THE TASK
The entries below are to be given back exactly, with images excluded.

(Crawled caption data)

+++

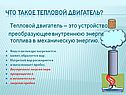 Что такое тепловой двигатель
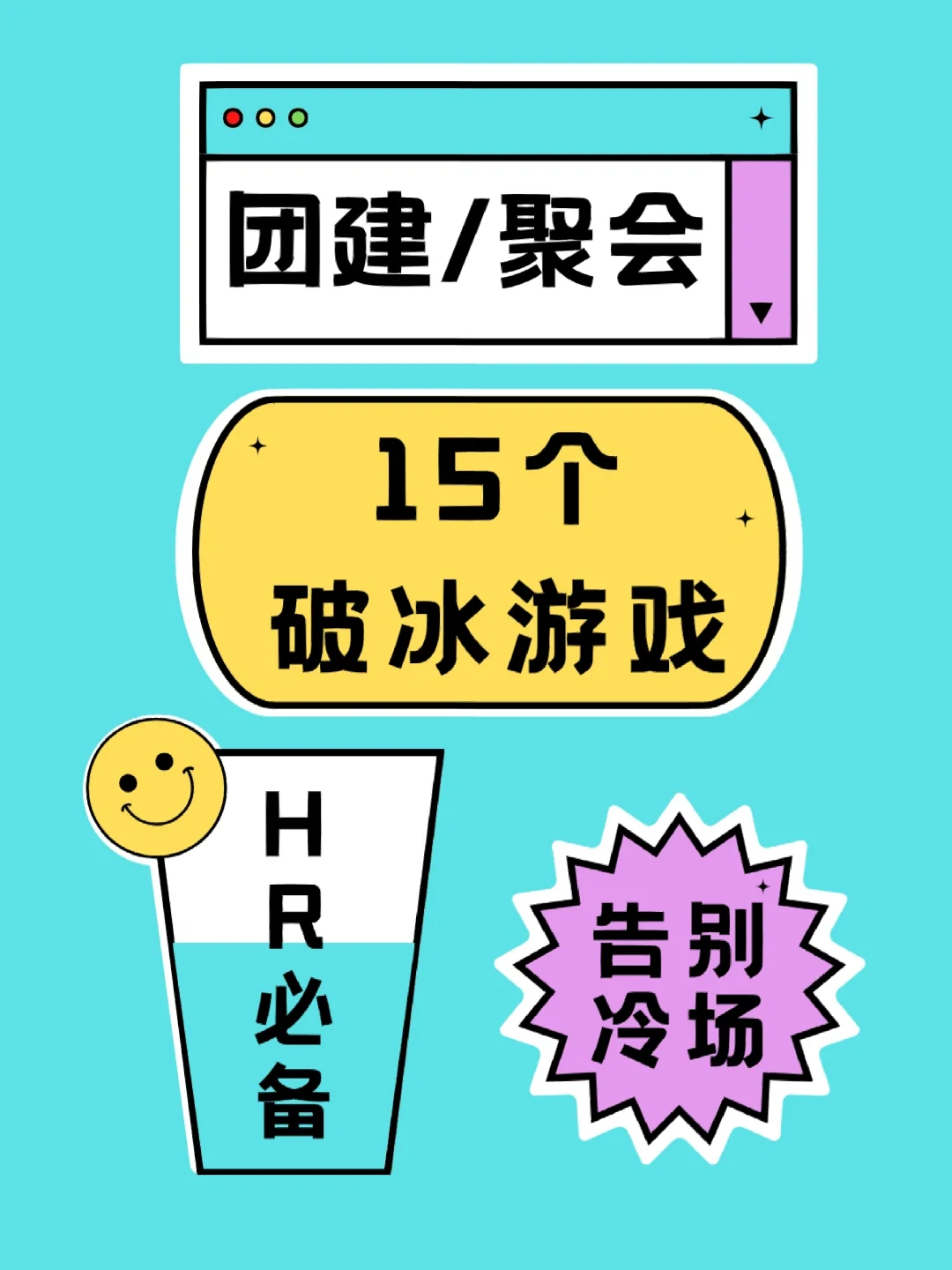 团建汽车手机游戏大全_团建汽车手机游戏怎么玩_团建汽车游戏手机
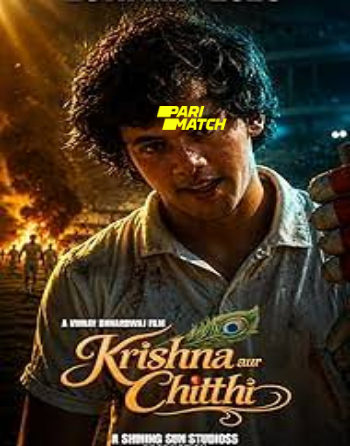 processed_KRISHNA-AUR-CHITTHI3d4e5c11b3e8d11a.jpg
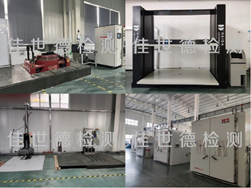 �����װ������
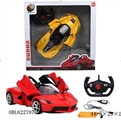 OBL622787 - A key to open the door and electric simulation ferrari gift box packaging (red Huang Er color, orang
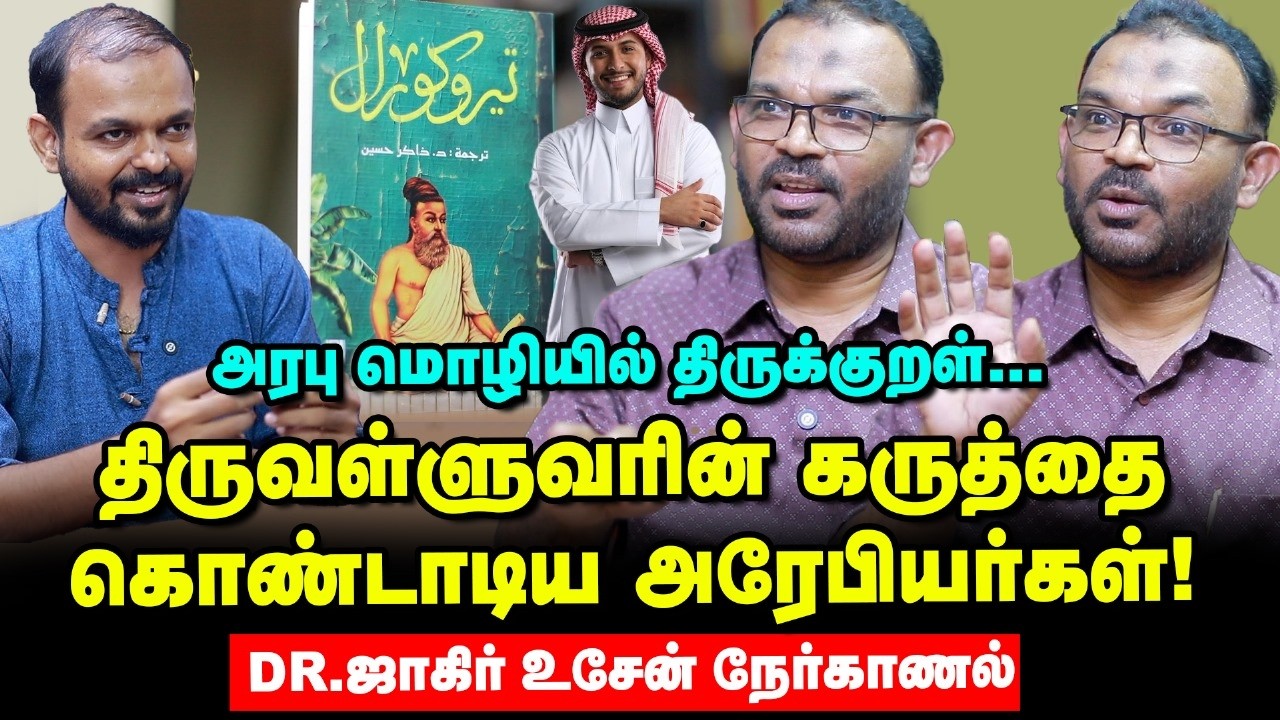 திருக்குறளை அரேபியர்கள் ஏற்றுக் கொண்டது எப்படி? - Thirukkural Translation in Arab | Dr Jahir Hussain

+++

SOLUTION FOR THIS PROBLEM
 Что такое тепловой двигатель
 团建汽车手机游戏大全_团建汽车手机游戏怎么玩_团建汽车游戏手机
 processed_KRISHNA-AUR-CHITTHI3d4e5c11b3e8d11a.jpg
 �����װ������
 OBL622787 - A key to open the door and electric simulation ferrari gift box packaging (red Huang Er color, orang
 திருக்குறளை அரேபியர்கள் ஏற்றுக் கொண்டது எப்படி? - Thirukkural Translation in Arab | Dr Jahir Hussain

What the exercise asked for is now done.